Company News: Federated hurt by weak Macy’s sales

From Wire Reports The Spokesman-Review

Federated Department Stores Inc. said Wednesday it swung to first-quarter profit, but adjusted earnings missed Wall Street estimates as sales at newly converted Macy’s stores remained weak.

The company earned $36 million, or 8 cents per share, in the quarter ended May 5, compared with a year-ago loss of $52 million, or 9 cents per share, hurt by a hefty charge.

Excluding costs associated with the company’s integration of May Department Stores Co., which it acquired in 2005, earnings rose to 16 cents per share from 1 cent per share last year. Analysts had forecast a profit of 19 cents per share.

Sales slipped 0.1 percent to $5.92 billion from $5.93 billion last year, missing estimates for $5.99 billion. Last week the company announced sales at stores opened at least a year — considered a key indicator of a retailer’s success — rose by 0.6 percent.

Federated, which also operates the Bloomingdales’ chain, took a charge of $22 million, or 5 cents per share, to cover costs of converting regional department stores gained in the May acquisition to its flagship Macy’s brand.

“Sales in the new Macy’s locations were disappointing in the quarter,” CEO Terry Lundgren said in a statement.

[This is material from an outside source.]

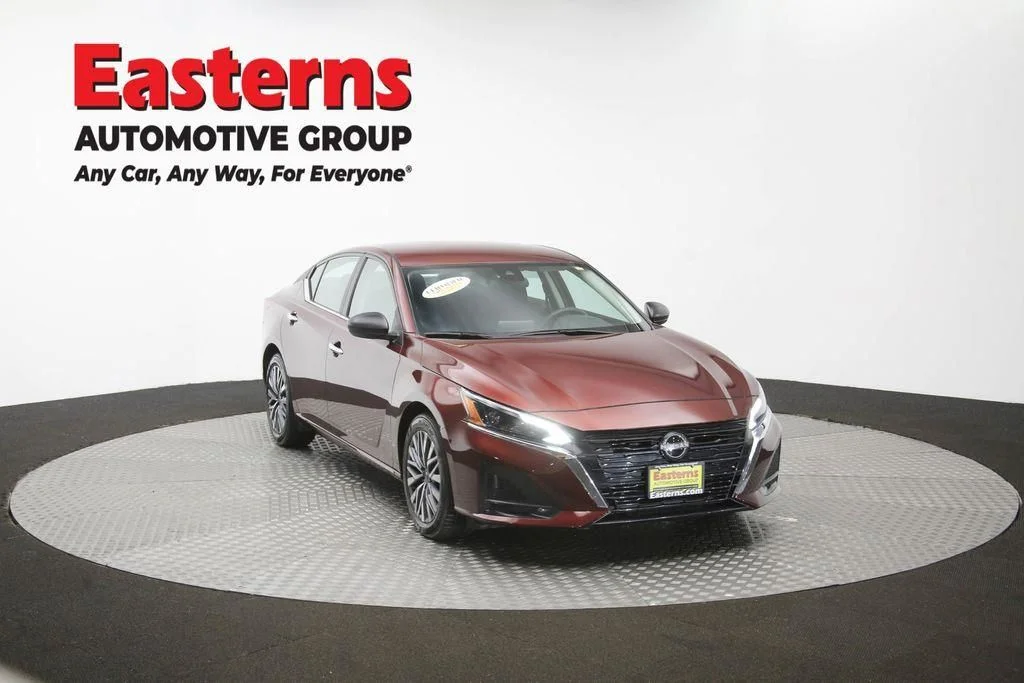 Used 2025 Red Nissan 2.5 SV image 51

Hewlett-Packard Co.’s second-quarter profit fell 7 percent despite a dramatic rise in sales of personal computers and servers, narrowly beating Wall Street’s forecast.

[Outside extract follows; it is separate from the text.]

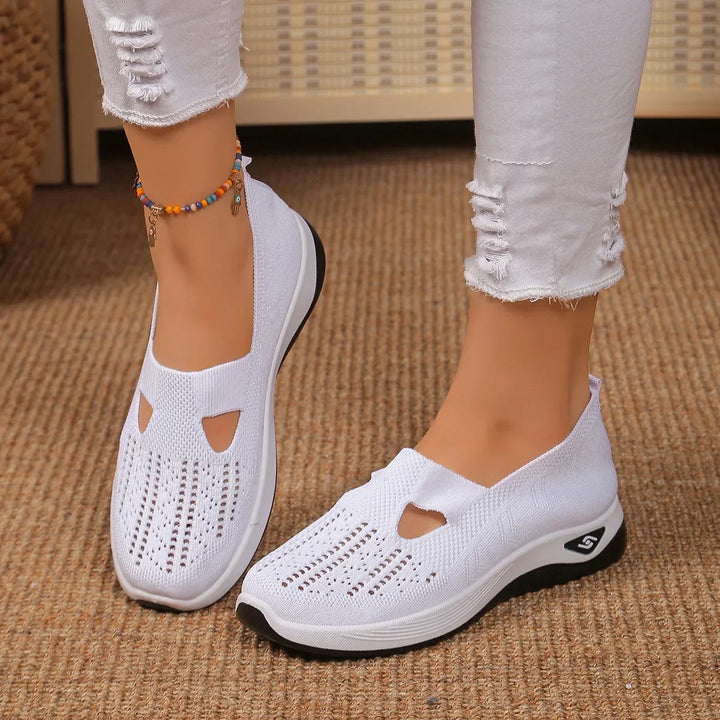 Buty wsuwane damskie casualowe, zbliżenie na podeszwę i cholewkę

For the three months ended April 30, HP earned $1.78 billion, or 65 cents per share, compared with $1.90 billion, or 66 cents per share, in the same period last year.

The latest quarter’s results were weighed down by restructuring and other one-time expenses amounting to 5 cents per share. Last year’s second-quarter results were boosted by a tax settlement gain of 15 cents per share.

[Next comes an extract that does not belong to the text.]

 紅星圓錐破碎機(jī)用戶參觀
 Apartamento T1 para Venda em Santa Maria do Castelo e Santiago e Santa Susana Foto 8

Sales in the quarter leaped to $25.53 billion, a 13 percent increase from the $22.55 billion HP rang up in the same quarter last year.

Northwest Airlines cleared a major hurdle to its reorganization Wednesday when a judge approved a settlement between the airline and some of its shareholders during the last hearing on the airline’s bankruptcy process.

U.S. Bankruptcy Judge Allan Gropper approved the settlement that Northwest reached Friday with a group of investors. The investors claimed the airline was holding off a merger until after it emerged from Chapter 11 bankruptcy protection.

The investors claimed that waiting to merge would eliminate the potential value that current shares could have.